И начиналось побоище...
Иногда мы с друзьями собирались на огромном пустыре рядом с моим домом, на улице Юных Ленинцев (там сейчас магазин «Будапешт»). Вечером разжигали костер, вокруг которого сидело человек пятнадцать, скатывали самокрутки или смолили бычки, подобранные у кинотеатра «Высота», а потом затевали игру «На кого бог пошлет». Кто-нибудь брал кирпич, подкидывал повыше, и все бросались врассыпную. В темноте можно было только догадываться о траектории полета кирпича...
Учился я так себе. К математике душа не лежала совершенно. Отец, ученый, физик, начинал сходить с ума, когда объяснял мне, как делить и умножать дроби. Через два часа детального разбора он спрашивал: «Ну, теперь понял?»
— «Нет...» После чего папа безнадежно махал рукой: «Даже баран уже понял бы...» Гораздо больше математики я любил литературу, но, поскольку нас заставляли читать строго по программе, то и тут не складывалось. Мне всегда было неинтересно делать то, что предписано. Я шел своим путем. Вместо Горького читал Клиффорда Саймака, вместо Шолохова — Курта Воннегута, вместо Мусы Джалиля — Сашу Черного. Программные произведения я тоже прочел, но совсем не тогда, когда их осилил весь класс...
Из-за учебы у нас с мамой часто случались стычки.
Однажды прихожу из школы, а она собирается на репетицию. Зная, что, стоит ей закрыть дверь, как я тут же помчусь во двор, она предупредила: «Пока не сделаешь домашние задания — из дома ни ногой!»
После чего забрала мои ключи и, сказав: «Они тебе не пригодятся. Все равно, пока не вернусь, будешь заниматься...», ушла.
Со двора тут же свистят: «Пошли в футбол играть!» Что делать? Оставаться дома не было никакой мочи.
Облачившись в футбольную форму с гордым номером «13» на спине (я родился 13 мая) и бутсы, я сложил вчетверо капроновую бельевую веревку, перекинул ее через перила балкона и спустился с четвертого этажа на землю... Хорошо, что догадался надеть перчатки — ладоням досталось весьма чувствительно. Друзья смотрели на меня с восторгом, поэтому я не подал виду, что мне больно, и тут же помчался на спортплощадку, где и пробегал, пока мама не вернулась из театра.

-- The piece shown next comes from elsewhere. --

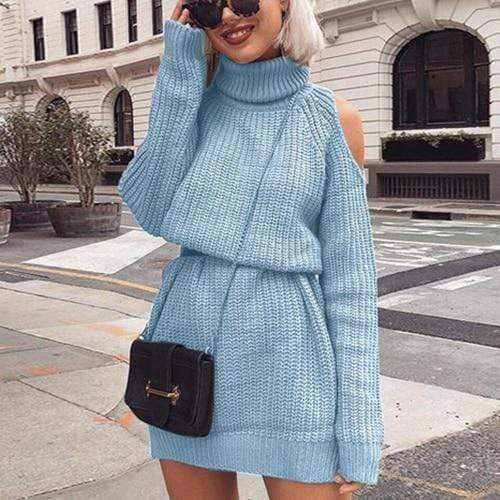 Kinky Cloth Dresses sky / XXL Knitted Sweater Dress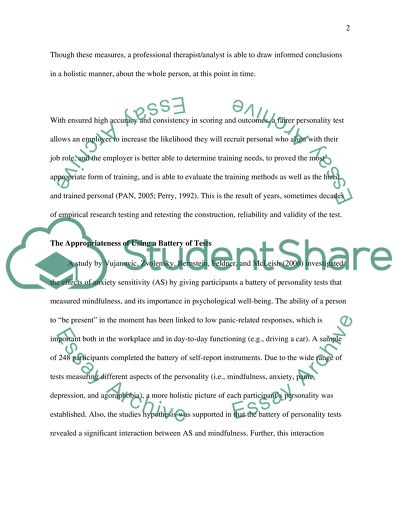 HMO versus Personality and Psychological Assessments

Надо было видеть выражение ее лица, когда она заметила меня, гоняющего мяч с мальчишками, а потом веревку, свисающую с балкона. Сначала мама стала белая как полотно, потом из ее глаз чуть не посыпались молнии...
Столкновения у нас случались еще и из-за того, что мама обожала копить вещи. Хранила всякую дребедень, прямо как Плюшкин. Пластиковые пакеты, пустой флакончик из-под французских духов, десять лет назад подаренных поклонником «Володей из Нижнего Тагила», не говоря уже о бумажках с телефонными номерами столетней давности... Все это было памятью, все было ей нужно.
Время от времени я устраивал «дни избавления от барахла».
Когда мама уходила куда-нибудь, я расстилал посреди комнаты плед, складывал туда все старье, связывал в тюк и отправлялся на помойку.
В один из таких дней, когда у меня уже все было готово, вдруг слышу — в прихожей открывается дверь.
Все, кранты! Мама... Она, если видела, что я что-то выбрасываю, немедленно грудью вставала на защиту имущества, все возвращала на свои места, горестно приговаривая, что я разворовываю дом.
Я задвинул тюк в угол, встретил маму в прихожей и увлек на кухню. Пока она там шебуршала, крикнул, что выйду погулять с собаками — у нас были два огромных белых пуделя, Санта и Артемон, — схватил узел и деру. Но мама краем глаза успела-таки заметить меня в дверях. Что началось! С диким воплем, как была в домашних тапочках и майке, она кинулась за мной. А на улице — зима, мороз.